We are using deepstream triton docker 6.0 for the experiment.
We used deepstream_ssd_parser.py to run yolov4 in TensorRT format with Nvinfer and Nvinferserver element and measure the performance difference.
The result shows that Nvinferserver is almost 2x slower than Nvinferser. Is this result reasonable?

Deepstream-app	sink : Fakesink
Video : sample_720.h264	nvinfer	nvinferserver
Frame counts	1442	1442
fps	178.02	66.36

Python: ssd-parser	sink : Fakesink
Video : sample_720.h264	nvinfer	nvinferserver
Frame counts	1442	1442
fps	145.5091789	87.31596242

kayccc · January 11, 2022, 3:01am

We’re investigating and will have the suggestion soon.

mchi · January 12, 2022, 2:11am

Hi @yamiefun ,
Sorry for delay! What’s your yolov4 model, onnx or tf model?

Thanks!

yamiefun · January 12, 2022, 4:02am

Hi @mchi ,
We used tensorRT yolov4 with both nvinfer and nvinferserver.

user86533 · January 21, 2022, 12:32pm

I’m having the same problem (to clarify I’m using remote Triton via gRPC). While nvinfer is able to achieve about 860 infer/sec, nvinferserver with the same model only gets about 120 infer/sec.

Benchmarking Triton with perf_analyzer is able to achieve 860 infer/sec as well (concurrency level 5, CUDA shared memory, gRPC) so I know that Triton is not the bottleneck.

I was expecting nvinferserver to use CUDA shared memory while using remote Triton but that does not seem to be the case as Triton is not showing any registered CUDA memory regions while my pipeline is running.

@mchi can you clarify this? Also, is it possible to make nvinferserver use shared memory?

mchi · March 22, 2022, 7:03am

Hi @yamiefun ,
Sorry for long delay!
I can reproduce this issue on my side on Tesla T4. In my repo, the every TensorRT inference time on nvinferserver is much longer than that in nvinfer, and looks the longer TensorRT inference time on nvinferserver is caused by continuous cudaMallocHost(), cudaMemcpy()… on queue2:src thread as nsys log as below.
So, can you capture the nsight systems log with steps belowso that we can align our issue?

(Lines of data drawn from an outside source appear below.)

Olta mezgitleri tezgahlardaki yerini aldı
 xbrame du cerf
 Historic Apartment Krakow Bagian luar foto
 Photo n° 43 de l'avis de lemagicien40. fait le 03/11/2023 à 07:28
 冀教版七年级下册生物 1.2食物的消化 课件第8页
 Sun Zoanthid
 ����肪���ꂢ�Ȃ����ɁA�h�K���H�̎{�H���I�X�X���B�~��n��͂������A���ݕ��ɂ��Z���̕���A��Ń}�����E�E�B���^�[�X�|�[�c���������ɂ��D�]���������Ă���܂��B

1. Download and install nsight systems from https://developer.nvidia.com/nsight-systems 
2. run "nsys profile .." like below to capture the log

# nsys profile -t cuda,nvtx,osrt --show-output=true --force-overwrite=true --delay=5 --duration=90 --output=%p  $APP
// change the delay and duration in "--delay=5 --duration=90" 
e.g. 
# nsys profile -t cuda,nvtx,osrt --show-output=true --force-overwrite=true --delay=5 --duration=90 --output=%p python3 deepstream_test_3.py file:///opt/nvidia/deepstream/deepstream/samples/streams/sample_720p.h264

system · May 10, 2022, 2:16am

This topic was automatically closed 14 days after the last reply. New replies are no longer allowed.